But words are my business, not who’s been eating their Wheaties, and the words I’ve been pondering lately are Sonny the cuckoo bird’s Dennis Hopper-esque admission “I’m cuckoo for Cocoa Puffs.” That catchphrase has become a snowclone—one of those repeatable, adaptable, fill-in-the-blank idioms such as “Not your father’s X,” “Post-traumatic X disorder,” “I for one welcome our new X overlords,” and “X is the new Y”. The Cocoa Puffs snowclone creates memorable phrases such as “cuckoo for cuckold puffs” and “cuckoo for robo-puffs”, comprising a prolific and undocumented slice of insanity-describing slang that, I reckon, is as fun as a monkey in a top hat juggling slinkies.
Before we put on our rubber booties to romp through the snowclone drifts, cuckoo and Cocoa Puffs deserve their own paragraphs.
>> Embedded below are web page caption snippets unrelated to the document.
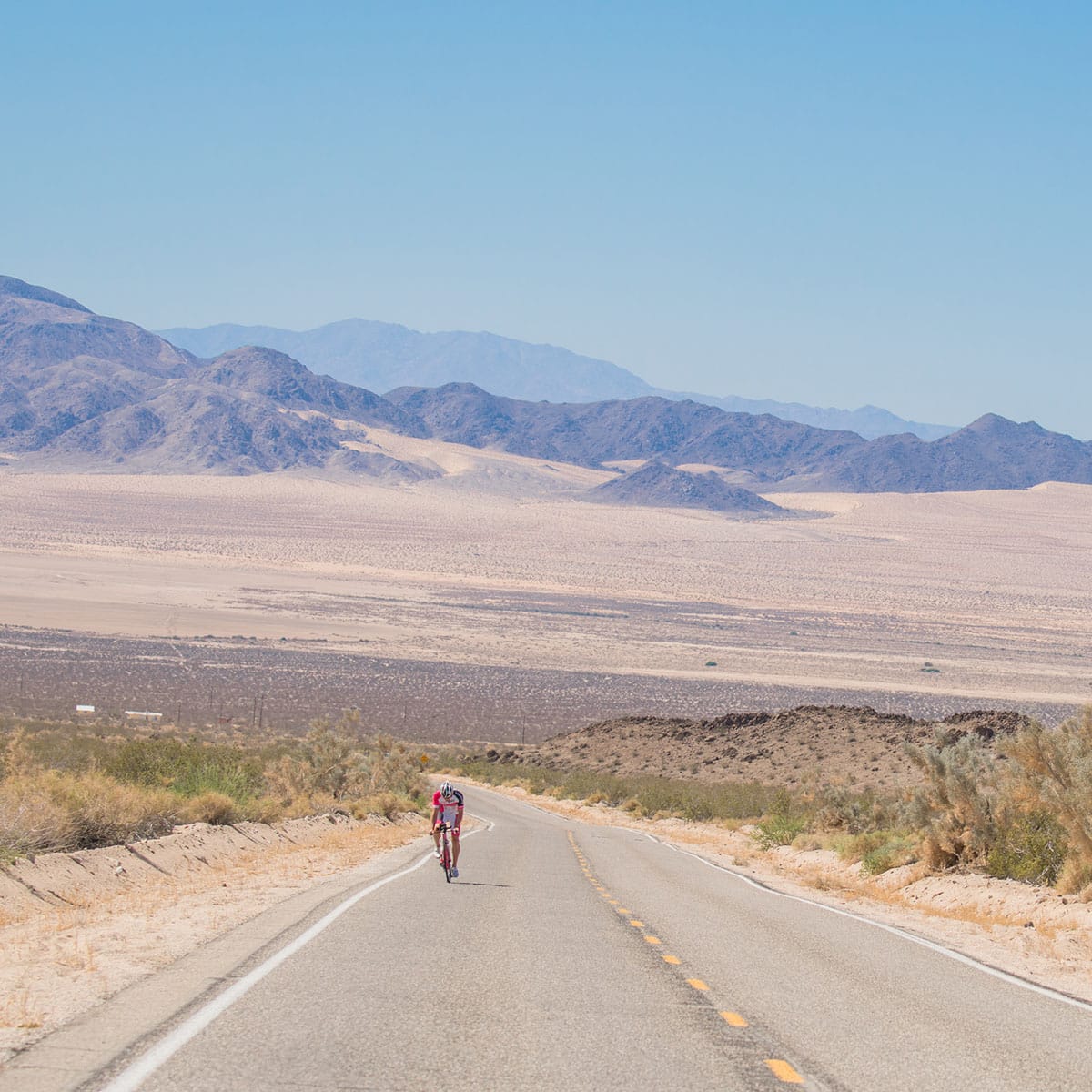 A lone cyclist rides on an empty road through a vast desert landscape during a Vegas In 24 ultra-cycling challenge, with dry shrubs in the foreground and rugged mountains in the distance under a clear blue sky.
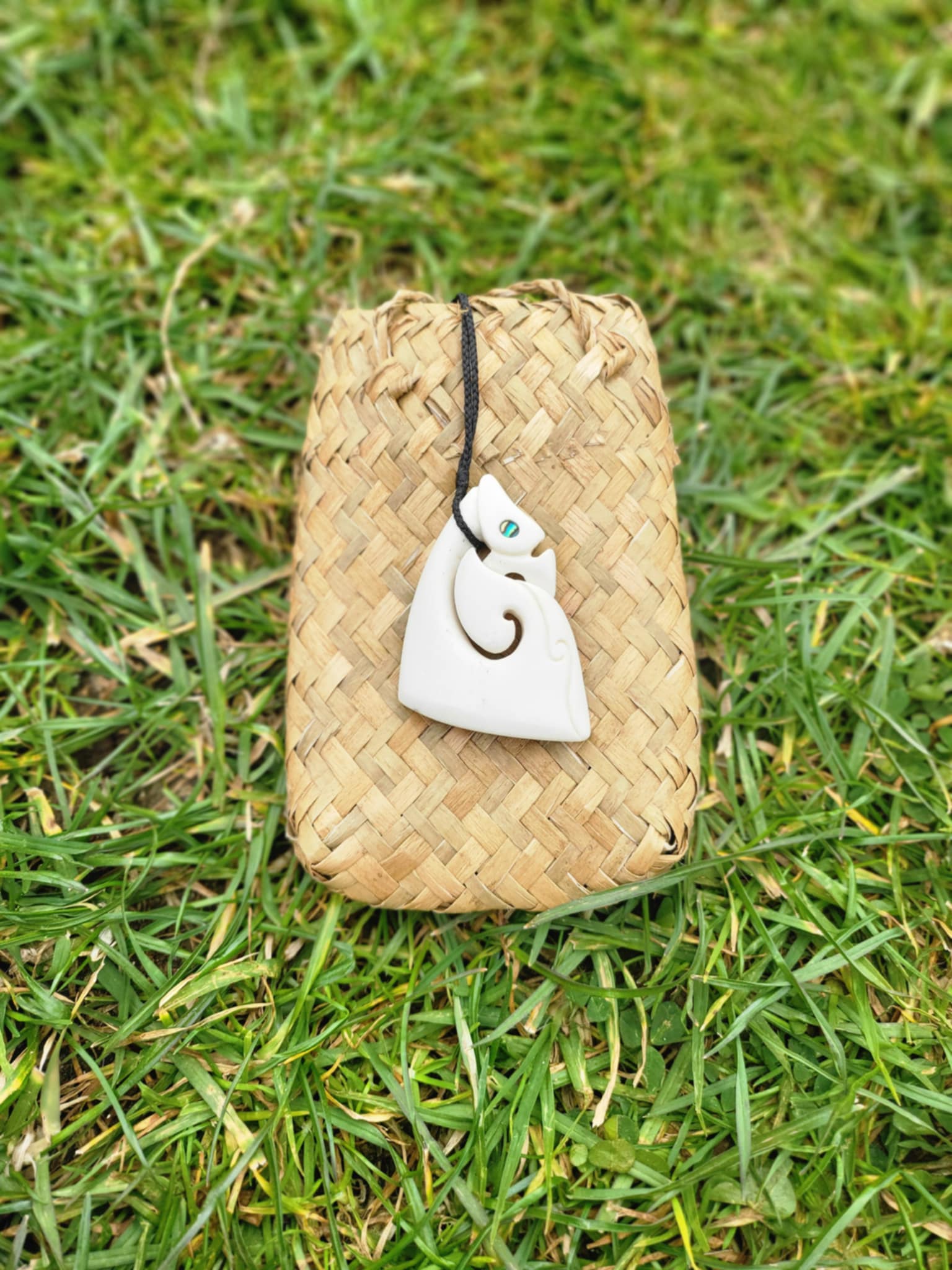 carved bone matau manaia necklace (triangular shape) on black cord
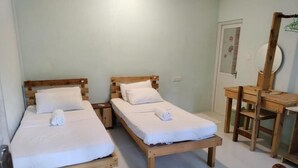 Two wooden beds with white linens and towels, a wooden desk, and a mirror in a room with light-colored walls and tiled flooring. - Evot Wave (Himmafushi)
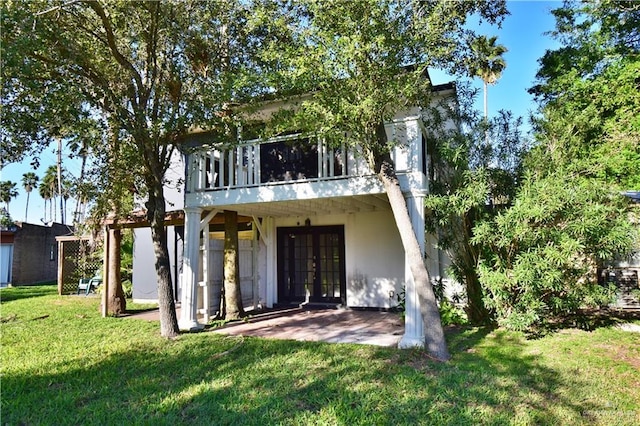 307 Bolivar Ave Unit 2, Rancho Viejo, TX 78575 - rear view of property featuring a lawn, french doors, and a patio area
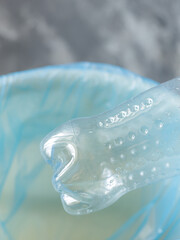 Naklejka premium Environmental Awareness - Discarded Plastic Bottle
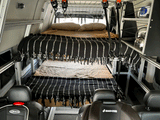 View inside an RV rental, featuring stacked bunk beds for sleeping, ample storage, and child car seats for family trips.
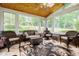 Relaxing sunroom with wicker furniture, tile flooring, and scenic views at 3389 Robinson Farms Ne Trce, Marietta, GA 30068
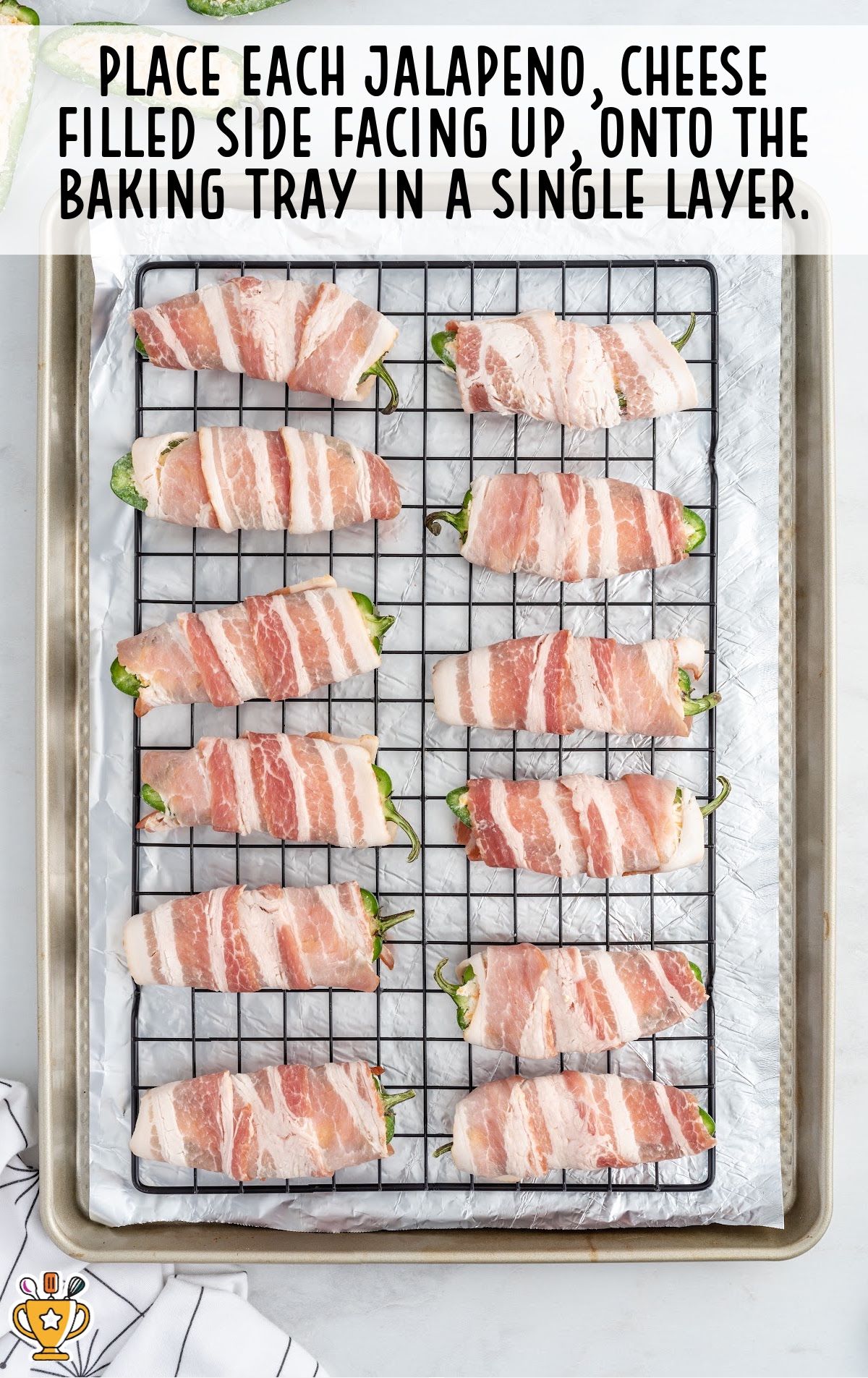 the bacon wrapped peppers are on a baking tray covered in parchment paper and a baking rack.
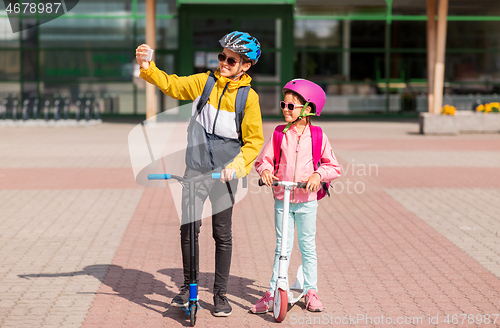 Image of happy school kids with scooters taking selfie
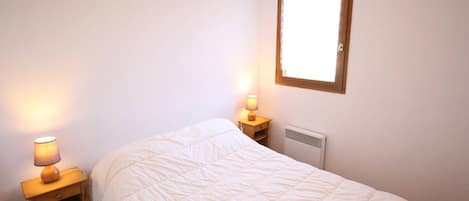 Un lit simple avec une couette blanche, une table de chevet avec une lampe et une fenêtre avec un cadre en bois.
In the cereal bowl of popular culture, Cocoa Puffs is as well-milked as a cereal gets. Chuck Klosterman titled a book of pop culture essays Sex, Drugs, and Cocoa Puffs. William Shatner’s Denny Crane, so fond of battily repeating his own name, has been known to repeat “Cuckoo for Cocoa Puffs!” On 30 Rock, Liz Lemon said of guest Jennifer Anniston’s character, “She is staunchly in favor of Cocoa Puffs”—a leading contender for paraphrase of the year. Cocoa Puffs have also been mentioned on episodes of Family Guy and Robot Chicken, and an episode of Gilmore Girls is titled “After-hours Cocoa Puffs”. Like crack, Cocoa Puffs is more than just a dangerous substance that destroyed the fabric of American cities—it’s a common slang term for insanity. (In songs by The Black-eyed Peas and Nelly, Cocoa Puffs also has sexual and drug-related meanings that are less common and even less recommended by the FDA).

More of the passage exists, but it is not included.